Very soon after the Sherman act was passed, disputes arose which required that the scope of the act be clarified. The case of the United States v. E. C. Knight Co. (1895) was one of these disputes. As we will see, the ruling of this case showed that the scope of the Sherman act was not so far-reaching that it could suppress a monopoly of the manufacture of a good.
E. C. Knight Company (the defendant) was acquired by the American Sugar Refining Company. This acquisition gave the company control over approximately 98 percent of the sugar refining industry. The U.S. government (plaintiff) attempted to utilize the provisions of the Sherman act to prevent the acquisition and thwart the creation of the virtual monopoly. The key question was whether the Sherman act allowed the government to interfere with a monopoly of the manufacture of a good as opposed to its distribution across state lines.
The U.S. Constitution grants the Congress the power to regulate commerce among the states. The Sherman Antitrust Act included provisions which were ultimately in agreement with this basic power. The second section of the Sherman act reads as follows: “…Every person who shall monopolize, or attempt to monopolize, or combine or conspire with any other person or persons, to monopolize any part of the trade or commerce among the several States, or with foreign nations, shall be deemed guilty of a felony…”
The scope of the Sherman act clearly extends to monopolies of the distribution of a good; but did the Sherman act extend to monopolies of the manufacture of a good on a strictly local level?
The court ruled that the Sherman act did not apply to this type of locally defined activity. However, since the acquisition resulted in a monopoly over the manufacture of a “necessity of life” (in the words of the court), this meant that the acquisition could be subject to individual state regulation.
In effect, the ruling of this case significantly curtailed the authority of the Congress to regulate the national economy as it declared manufacturing monopolies to be local matters. This restrictive view on Congressional authority to regulate commerce would remain unchanged until the late 1930s.

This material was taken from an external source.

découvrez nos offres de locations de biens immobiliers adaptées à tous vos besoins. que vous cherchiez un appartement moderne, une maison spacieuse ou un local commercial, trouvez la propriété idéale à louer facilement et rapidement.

The case of the United States v. E. C. Knight Co. shows clearly some of the difficulties involved in trying to balance the ideals of a competitive marketplace and limited government. And for this reason the legacy of E. C. Knight Co. represents different things to people on different places of the ideological spectrum. However it is interpreted in any individual instance, there can be no denying its stature as a pivotal case in U.S. judicial history.